Task on DLA blocks memory access


We have a program that runs multiple TensorRT models concurrently. Each engine is on its own stream (created with cudaStreamNonBlocking), every cudaMemcpy is a cudaMemcpyAsync, and every H->D or D->H transfer uses pinned host memory. Thus, when the models are placed on the GPU, it works correctly and we observe nicely concurrent operation.

However, when one of the engine has its layers placed on the DLA, memory transfers that shouldn’t block suddenly do. Any cudaMemcpy, async or not, pinned or not, blocks while the DLA task is running. As soon as the DLA finishes its batch, the memcpy goes through. This makes the DLA impossible to use with our program.

If this is a known issue, or I’m missing something, please let me know.

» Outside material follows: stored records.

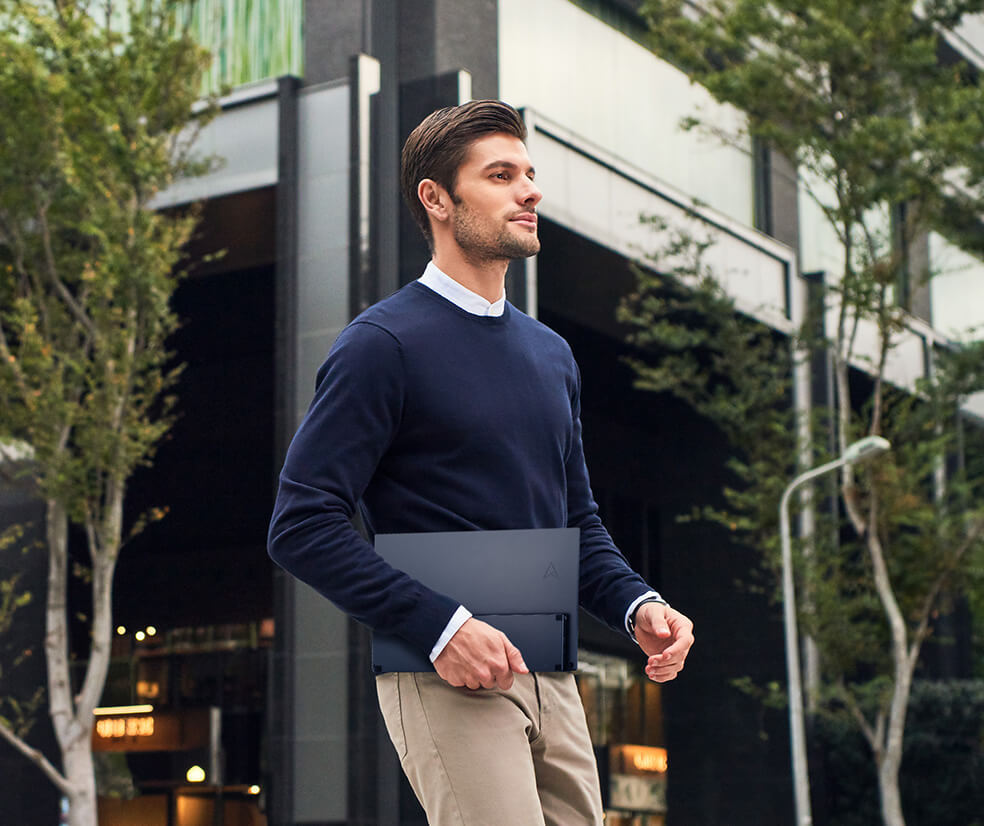 A business man carry the ZenScreen MB17AHG portable monitor walking around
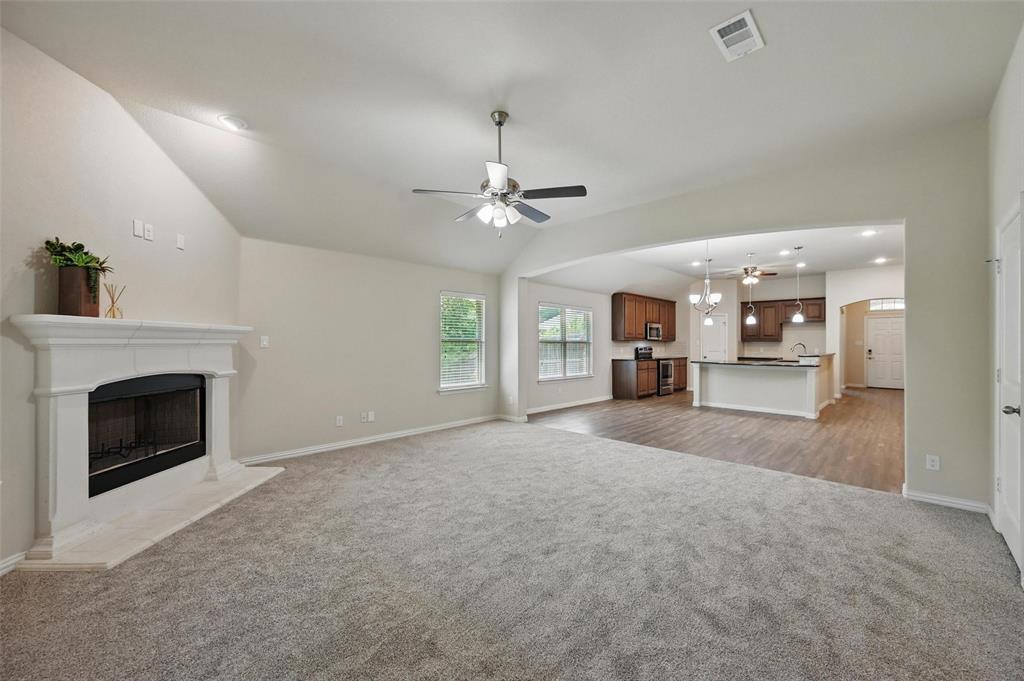 512 Hidden Spgs Trail Azle, TX 76020 - Photo 10 of 27 a view of a livingroom with a fireplace and window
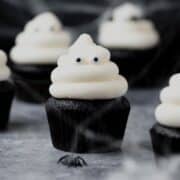 close up of black velvet ghost cupcakes.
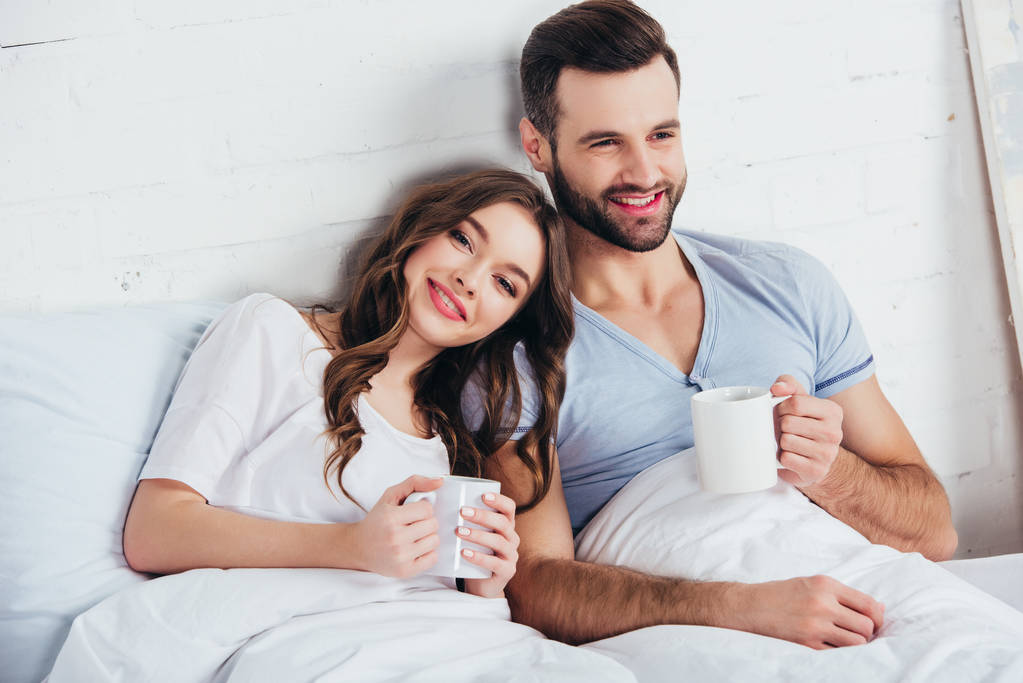 erwachsenes Paar entspannt auf weichem weißen Bettzeug liegend und Tassen haltend - Foto, Bild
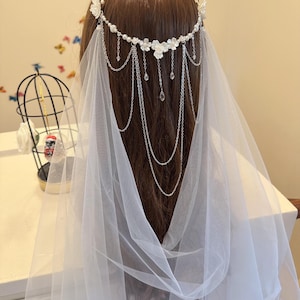 K&ouml;nnte beinhalten: Ein wei&szlig;er Braut Schleier mit einer silbernen Kette und Blumenschmuck. Die Kette hat kleine Kristalltropfen, die von ihr herabh&auml;ngen.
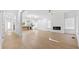 Spacious living room featuring hardwood floors, fireplace, and contemporary lighting at 1557 Alder Se Ct, Atlanta, GA 30317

If it doesn’t sound familiar, I can write up a minimal program to reproduce the issue and post NSight Systems logs.



YES, it will be good if you can share a sample with us.

Oh jeez.

In the course of writing a minimal POC, I discovered that recording events (which nsight systems does) can serialize stream execution: https://devtalk.nvidia.com/default/topic/471043/cuda-programming-and-performance/stream-concurrency-or-lack-thereof-on-gtx-480/post/3349391/#3349391

Works fine when I don’t run the profiler.

How many hours of my life down the drain…?